Cela s'entend au bord des piscines.
Le Nil est vierge de felouques, aucune voile dehors, elles ont leur mât saucissonné, immobiles. Les bateaux de croisière à quatre ponts, les Montasser-Bleu, les Safari-Queen, les Nile-Cruise, les usines à touristes sont à l'ancre, rideaux baissés. Plus de cinquante, accostés sur six rangs, portant les pavillons des grands tours-opérateurs, les premiers fournisseurs à déserter le pays.
De temps en temps, au crépuscule, une de ces grosses barges étoilées s'éloigne pour un bref tour dans le cours du Nil. Elle transporte du vent, pour sauver l'honneur sans doute — comme maître Cornille tentait de sauver celui de son moulin en charriant du plâtre —.
Les calèches errent le long de la promenade en quête d'un improbable client. Elles acceptent pour quelques piastres la ménagère et son cabas sous la capote luisante décorée de pompons, de gris-gris dorés et de grelots.
Ci-contre, Louxor, vue des bateaux à quai et des rives désertes prise des fenêtres du Old Winter, en décembre 1997. (Photo Lamblard)
Louxor catastrophé ne comprend pas ce qui lui arrive. On l'a privé de son sang. Les milliers de boutiquiers, guides, gardiens, vendeurs de sodas et de cartes postales, dragueurs de haut vol, livrés à eux-mêmes, se regardent l'un l'autre, avec la charge inemployée du sourire commercial dans le rictus.
La ville vivait exclusivement du tourisme, le principal des revenus entrait dans les caisses des grands groupes financiers internationaux propriétaires des palaces et des navires de plaisance encombrant le Nil. Ceux-là sont sans inquiétude, leurs touristes sont partis ailleurs, sur d'autres eaux et vers d'autres sites où ces mêmes marchands investissent.
Ce sont les milliers de petites mains qui pâtissent, on a licencié l'armée des sans grades. Le petit peuple récoltait les miettes et cela suffisait à faire vivre les 150 000 habitants du plus grand centre touristique d'Egypte, et les milliers de fellahs qui écoulaient ainsi leurs denrées.

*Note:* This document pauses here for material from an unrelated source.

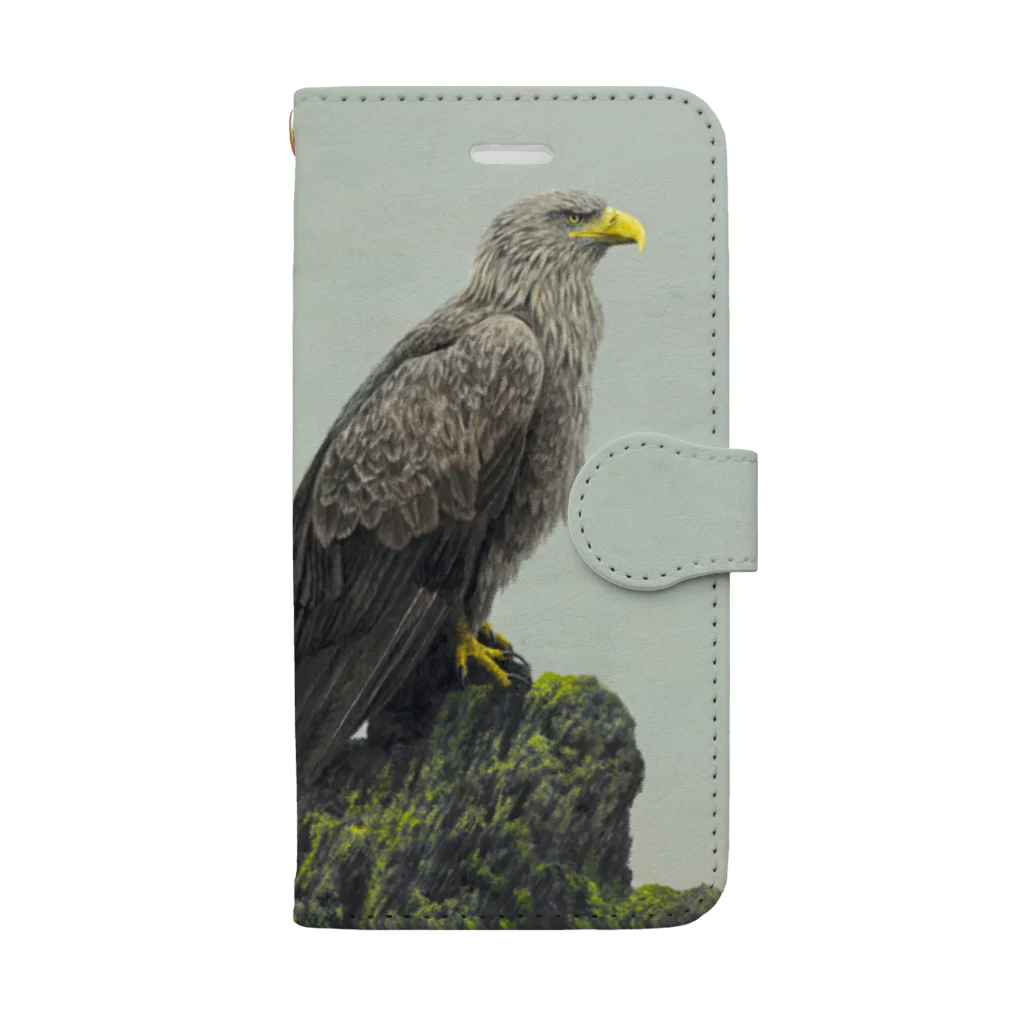 野鳥生活の手帳型 オジロワシ（★寄付） Book-Style Smartphone Case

Ci-contre, à droite, le grand commerce de Louxor s'exprime sans ambiguïté. (Photo lamblard) Dès le lendemain de l'attentat, un vent de panique a soufflé chez les voyagistes étrangers et leurs assureurs. De gré ou de force, les groupes furent rapatriés, et les agences rayèrent l'Egypte de leur catalogue. En un clin d'oeil, le vide s’installa au bord du Nil. Des dix mille visiteurs qu'hébergeait Louxor en pleine saison, quelques dizaines d'habitués, à peine, restèrent.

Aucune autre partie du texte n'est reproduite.